Huawei helped added between $1.5 billion and $2 billion to the finance authority’s original estimates for August exports, Tsai said.
The outlook for Taiwan’s exports will remain solid as more high-end production is brought back to the island, said Australia & New Zealand Banking Group Ltd.’s Greater China chief economist Raymond Yeung, the most accurate economist in Bloomberg’s survey.
Exports to Hong Kong and the Chinese mainland, together Taiwan’s biggest trading partners, rose 22.9% even as Chinese imports unexpectedly fell last month. That was the biggest gain since February. Shipments to the U.S. rose 13.8%.
Taiwan’s export recovery is coinciding with a rebound in manufacturing sentiment. The purchasing managers’ index for August rose to 52.2, the strongest level in two years.

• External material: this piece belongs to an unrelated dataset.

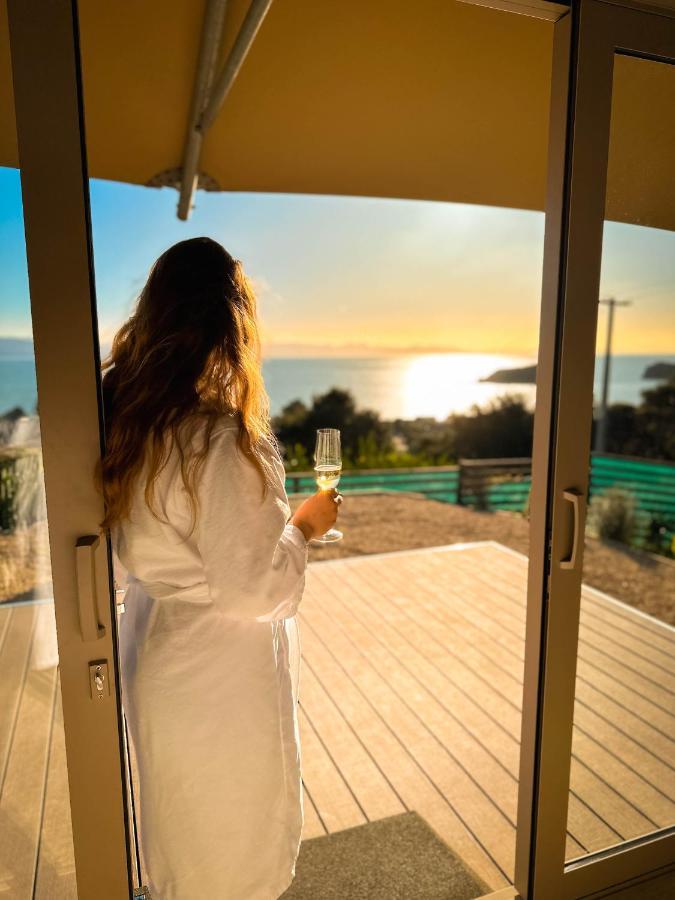 Отель Drift Off Grid Luxury Eco Glamping Tarakohe Экстерьер фото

September exports are likely to rise between 1.5% and 4.5% year on year, according to the authority.
“Headline growth may start to come down as the Christmas holiday approaches,” ANZ’s Yeung said via email. “The trade cycle is often tied to Apple’s new model. Typically, exports outperform in the third quarter.”
Relentless global demand for 5G-related applications, including infrastructure and smartphones, is poised to keep electronics production humming. Production of computers and integrated circuits climbed by double digits in July.